Please stop showing me “the data”

This isn’t a reactionary rant against data-driven decision making and it isn’t about nostalgia for gut-driven benevolent dictators.

Instead it is an appeal for reason to play an equal part in decision making.

The seed of this post was planted by a keynote Ines Montani gave at EuroPython. At the time I was more interested in her central argument that paying customers are the most important metric a business can have.

But in part of the talk she talks about the cliche of “show me the data”, a phrase that I think originated at NASA where, in context, it makes a lot of sense but when transplanted to the world of small business quickly becomes expensive, slow and farcical.

In part of her talk Ines mentioned that when making decisions on how to run a small business there shouldn’t be a need to provide data for or against every decision. “Why can’t we use reason?” she asked.

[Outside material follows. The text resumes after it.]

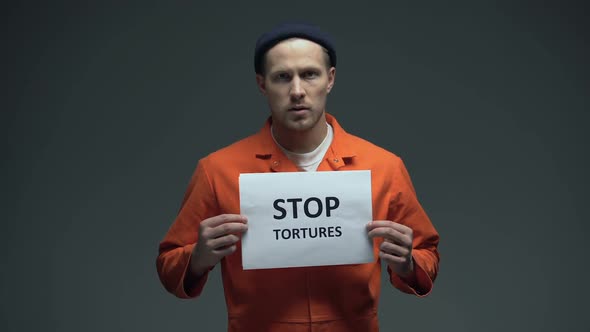 European Prisoner Holding Stop Tortures Sign, Physical Abuse in Cell, Harassment
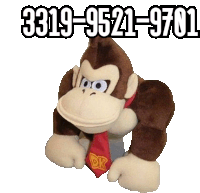 a stuffed donkey kong with the phone number 3319-9521-9701 on the bottom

The question had huge resonance for me. The emphasis on data-driven decisions in businesses has not led to improved data or statistical literacy. Instead it has led to the generation of fig-leaf numbers, impenetrable spreadsheets of data as obfuscation and irrelevant but voluminous data collection. I see little evidence that decision-making is better.

It has also exposed the idea that the problem is data collection. The more information we collect then the more it feels like the more any decision can be justified or any course of action advocated or vetoed. Interpretation, selection and analysis of the data is more important than ever, and this at its heart requires reasoning.

Reason is different from “common sense” in that it should be produce self-consistent decision making that can be justified and interrogated. Reasoning is a process applied to instinct, insight, intuition, experience and knowledge.

So please don’t show me your data, explain your decision instead.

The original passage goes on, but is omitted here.